Despite being one of the best-managed coral reef ecosystems in the world, the Great Barrier Reef  remains acutely vulnerable to the effects of climate change as evidenced by the March 2020  mass coral bleaching event – the third in five years.

The Federal Government today announced a $150 million contribution to the long term research and development of initiatives identified through a two year feasibility study by the Reef Restoration and Adaptation Program (RRAP).  



Minister for the Environment Sussan Ley said the research underlined the Morrison Government’s collaboration with world leading marine scientists in managing the reef.

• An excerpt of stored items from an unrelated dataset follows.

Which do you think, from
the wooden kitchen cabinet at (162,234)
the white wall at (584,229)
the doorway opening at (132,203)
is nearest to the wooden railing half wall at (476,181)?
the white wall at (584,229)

“Climate change remains the biggest threat to the world’s coral reefs and while a global response is needed to tackle emissions, Australian science can lead the way in developing adaptive technologies to help protect the reef,” Minister Ley said.

“This is research that could help the reef recover from bleaching and which could assist it to adapt in the face of changing  ocean temperatures”

However, the RRAP Concept Feasibility Study found these initiatives would need to be combined with best-practice conventional reef management and reduced carbon emissions to maximise their effectiveness.



This visionary platform of interventions represents the world’s largest effort to help an ecosystem survive climate change and SIMS, in partnership with a broad collaboration is driving one of those interventions – the  Marine Cloud Brightening initiative.

The project is a partnership between SIMS, Southern Cross University, Queensland University of Technology, the University of Sydney, the Australian Institute of Marine Science, and industry partners EmiControls, and Ron Allum Deepsea Services.